Las 33 Avemarías: Son oraciones de intercesión mariana destinadas a ganar el favor y auxilio de la Virgen, especialmente inspiradas en devociones antiguas como la revelación medieval de las Avemarías para la buena muerte.
Tradición de la "Víspera y el Día": De acuerdo con las costumbres tradicionales en diversos pueblos de la región, este rezo se realiza estrictamente en dos momentos clave del mes de agosto:
La Víspera (14 de agosto): Tradicionalmente rezado a partir de las 2:00 p.m.
El Día de la Asunción (15 de agosto): Tradicionalmente rezado en cualquier momento del día.
ORACIÓN TRADICIONAL DE LA DEVOCIÓN
“¡Alma mía, prevénte! Cuando de este mundo salgas, en el Valle de Josafat con el enemigo malo te has de encontrar y le dirás: ¡Enemigo vete!
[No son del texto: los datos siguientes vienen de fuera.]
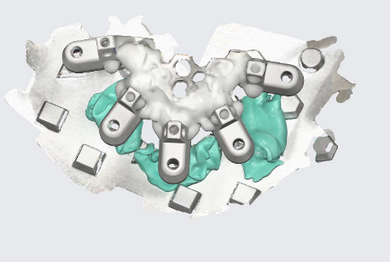 All-on-X FP3 Fundamentals: Modern Full-Arch Workflow - Start-to-Finish Techniques for Predictable Fixed Implant Restorations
Que vengo favorecida con 33 Cruces y 33 Avemarías, que le recé a la Virgen María en su Víspera y en su día.”
Esta fórmula refleja la antigua creencia popular sobre el juicio final en el Valle de Josafat y el amparo de la Virgen frente a las tentaciones finales del adversario antes de partir de este mundo.
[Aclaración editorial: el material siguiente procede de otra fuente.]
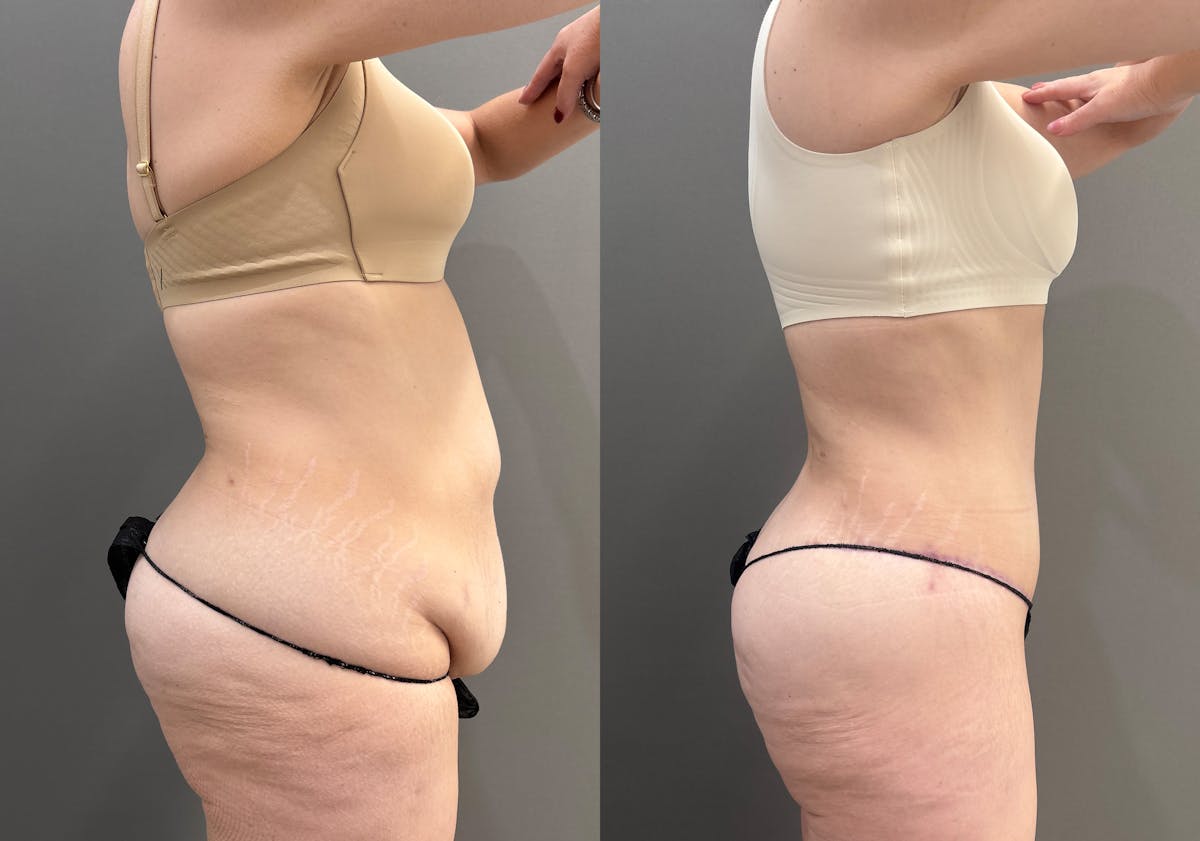 Tummy Tuck Before & After Gallery - Patient 351711 - Image 3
SIGNIFICADO TEOLÓGICO Y POPULAR
El Valle de Josafat: En la tradición bíblica y escatológica, representa el escenario simbólico del Juicio Final, reflejando el deseo del alma de comparecer ante Dios purificada y con el auxilio de la Virgen María.
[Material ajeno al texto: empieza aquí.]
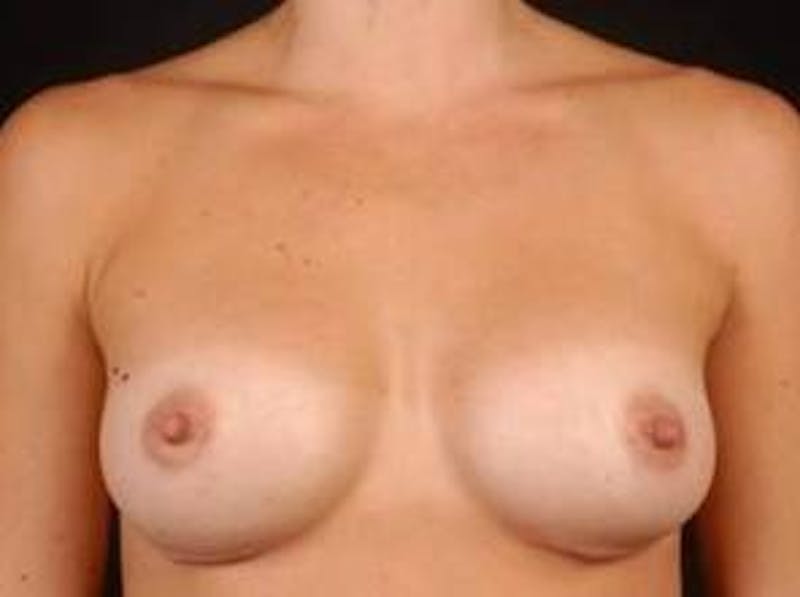 Breast Augmentation 410 Before & After Gallery - Patient 151017 - Image 2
En su víspera y en su día: Hace referencia explícita a la fiesta litúrgica de la Asunción, un momento donde los fieles buscan alcanzar gracias especiales y la intercesión de María en su tránsito al cielo.
PROPÓSITO DE LA DEVOCIÓN
Protección espiritual: Se encomienda el alma para el tránsito de esta vida y el encuentro final.
Veneración Mariana: Se honra a la Virgen María en la festividad de su Asunción a los cielos.
RECOMENDACIÓN
Se recomienda acompañar esta práctica asistiendo a la Santa Misa y recibiendo la comunión.
Cierre de la Devoción: Se suele concluir con La Salve o las Letanías Lauretanas a la Santísima Virgen para encomendar el alma de la persona de manera definitiva.
FECHAS Y MOMENTOS CLAVE PARA SU REZO
Fechas tradicionales (14 y 15 de agosto): Es la costumbre más arraigada de la devoción popular. Se realiza durante la víspera (14 de agosto) a partir de las 2:00 p. m. y en el día de la fiesta (15 de agosto). La misma oración proclama rezarle a la Virgen "en su víspera y en su día".
En momentos de crisis o necesidad: Al tratarse de una práctica de piedad, los fieles acuden a ella en cualquier día del año, si buscan protección contra el peligro, asistencia espiritual o favores especiales.
En velorios o sufragios: También se acostumbra rezar comunitariamente en momentos de duelo o aniversarios luctuosos para encomendar el alma del difunto.
¡ACOGE CON CARIÑO ESTA HERMOSA Y SENTIDA DEVOCIÓN!